US 11,699,094 B2
Automatic feature selection and model generation for linear models
Paul Walter Hubenig, San Francisco, CA (US)
Assigned to Salesforce, Inc., San Francisco, CA (US)
Filed by Salesforce, Inc., San Francisco, CA (US)
Filed on Oct. 31, 2018, as Appl. No. 16/177,107.
Prior Publication US 2020/0134363 A1, Apr. 30, 2020
Int. Cl. G06N 3/08 (2023.01); G06F 15/18 (2006.01); G06N 20/00 (2019.01); G06F 17/17 (2006.01); G06N 7/00 (2023.01); G06F 18/2115 (2023.01); G06F 18/20 (2023.01)

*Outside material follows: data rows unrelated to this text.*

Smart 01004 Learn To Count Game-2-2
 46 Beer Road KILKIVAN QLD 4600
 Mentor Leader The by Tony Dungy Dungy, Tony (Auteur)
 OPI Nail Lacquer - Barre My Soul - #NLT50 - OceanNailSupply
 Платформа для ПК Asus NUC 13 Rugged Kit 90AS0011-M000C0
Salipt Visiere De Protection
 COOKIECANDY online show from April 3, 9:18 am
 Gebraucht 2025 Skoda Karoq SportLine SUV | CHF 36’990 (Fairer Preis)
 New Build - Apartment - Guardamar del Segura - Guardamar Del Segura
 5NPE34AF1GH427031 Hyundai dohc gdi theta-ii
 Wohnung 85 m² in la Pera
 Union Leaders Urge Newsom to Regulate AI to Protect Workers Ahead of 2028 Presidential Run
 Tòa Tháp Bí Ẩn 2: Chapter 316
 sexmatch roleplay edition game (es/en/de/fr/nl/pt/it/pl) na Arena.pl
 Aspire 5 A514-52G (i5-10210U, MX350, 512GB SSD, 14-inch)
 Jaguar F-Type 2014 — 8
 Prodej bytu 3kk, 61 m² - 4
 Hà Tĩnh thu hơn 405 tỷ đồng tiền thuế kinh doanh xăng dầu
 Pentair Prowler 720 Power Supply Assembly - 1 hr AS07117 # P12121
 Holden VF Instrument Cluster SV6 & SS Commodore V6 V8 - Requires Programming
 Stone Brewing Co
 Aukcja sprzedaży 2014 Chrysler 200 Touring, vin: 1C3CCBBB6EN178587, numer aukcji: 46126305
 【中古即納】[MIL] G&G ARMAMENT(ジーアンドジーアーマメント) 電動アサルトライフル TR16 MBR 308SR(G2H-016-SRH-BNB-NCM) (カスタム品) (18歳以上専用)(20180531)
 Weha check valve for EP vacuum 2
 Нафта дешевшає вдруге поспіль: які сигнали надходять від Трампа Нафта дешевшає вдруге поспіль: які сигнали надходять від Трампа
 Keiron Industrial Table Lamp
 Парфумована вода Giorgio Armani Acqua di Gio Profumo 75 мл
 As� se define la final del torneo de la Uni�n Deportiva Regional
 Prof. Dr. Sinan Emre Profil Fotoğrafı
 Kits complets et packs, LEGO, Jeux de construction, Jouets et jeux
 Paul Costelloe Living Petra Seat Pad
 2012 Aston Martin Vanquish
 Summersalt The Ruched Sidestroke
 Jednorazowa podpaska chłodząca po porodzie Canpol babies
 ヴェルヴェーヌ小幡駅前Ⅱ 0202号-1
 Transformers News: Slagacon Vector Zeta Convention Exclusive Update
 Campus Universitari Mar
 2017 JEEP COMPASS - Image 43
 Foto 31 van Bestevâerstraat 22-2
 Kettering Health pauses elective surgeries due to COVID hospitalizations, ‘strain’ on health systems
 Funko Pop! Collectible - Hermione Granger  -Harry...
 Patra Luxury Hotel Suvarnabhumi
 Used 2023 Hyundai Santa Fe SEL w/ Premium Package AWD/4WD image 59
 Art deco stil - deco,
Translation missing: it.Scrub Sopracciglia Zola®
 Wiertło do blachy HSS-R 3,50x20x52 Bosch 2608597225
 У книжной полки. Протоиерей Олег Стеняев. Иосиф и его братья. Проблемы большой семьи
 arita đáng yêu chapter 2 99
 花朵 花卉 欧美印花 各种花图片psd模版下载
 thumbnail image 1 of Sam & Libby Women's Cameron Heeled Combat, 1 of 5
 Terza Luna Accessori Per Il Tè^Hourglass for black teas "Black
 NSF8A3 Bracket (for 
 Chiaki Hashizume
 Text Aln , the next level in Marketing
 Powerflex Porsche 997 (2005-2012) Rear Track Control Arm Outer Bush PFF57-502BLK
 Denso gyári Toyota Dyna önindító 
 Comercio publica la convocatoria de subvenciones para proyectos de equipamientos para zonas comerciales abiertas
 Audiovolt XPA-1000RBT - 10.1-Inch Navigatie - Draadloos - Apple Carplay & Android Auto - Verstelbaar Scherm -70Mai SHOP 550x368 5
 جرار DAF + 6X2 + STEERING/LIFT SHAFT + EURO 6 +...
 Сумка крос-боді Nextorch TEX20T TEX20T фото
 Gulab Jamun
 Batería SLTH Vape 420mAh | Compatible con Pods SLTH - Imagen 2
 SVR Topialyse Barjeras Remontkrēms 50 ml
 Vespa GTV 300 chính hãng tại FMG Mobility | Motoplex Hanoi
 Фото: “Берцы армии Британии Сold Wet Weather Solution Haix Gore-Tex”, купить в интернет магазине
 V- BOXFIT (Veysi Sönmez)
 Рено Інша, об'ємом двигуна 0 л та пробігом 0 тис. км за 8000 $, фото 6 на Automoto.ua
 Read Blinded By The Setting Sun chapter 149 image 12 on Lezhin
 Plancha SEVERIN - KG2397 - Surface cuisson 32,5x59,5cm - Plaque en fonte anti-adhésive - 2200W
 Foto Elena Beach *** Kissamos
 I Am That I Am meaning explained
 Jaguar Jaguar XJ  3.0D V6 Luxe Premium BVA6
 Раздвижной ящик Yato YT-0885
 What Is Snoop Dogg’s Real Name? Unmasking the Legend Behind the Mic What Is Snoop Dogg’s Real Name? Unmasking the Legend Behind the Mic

CPC G06N 20/00 (2019.01) [G06F 17/17 (2013.01); G06F 18/2115 (2023.01); G06F 18/285 (2023.01); G06N 7/00 (2013.01)] 20 Claims
OG exemplary drawing
 
1. A method for automated feature selection for linear model generation at an application server, comprising:
determining, for a set of data features related to a plurality of data records, a set of relevance measurements, wherein each relevance measurement of the set of relevance measurements corresponds to a respective feature of the set of data features;
selecting a subset of the set of data features based at least in part on the set of relevance measurements;
generating a matrix based at least in part on the selected subset of the set of data features, wherein generating the matrix comprises iteratively scanning the plurality of data records, and wherein the matrix enables computation of feature coefficients for the selected subset of the set of data features based at least in part on an increasing penalty value;
sorting the selected subset of the set of data features based at least in part on the increasing penalty value, wherein a first data feature of the subset of data features has a greater priority than a second data feature of the subset of data features based at least in part on the first data feature being set to zero later than the second data feature;
determining, according to the sorting, a plurality of nested linear models comprising a first nested linear model and a second nested linear model, wherein the first nested linear model comprises the first data feature and the second nested linear model comprises the first data feature and the second data feature; and
selecting a linear model of the plurality of nested linear models based at least in part on a model quality criterion comprising an Akaike information criterion (AIC) and the plurality of nested linear models.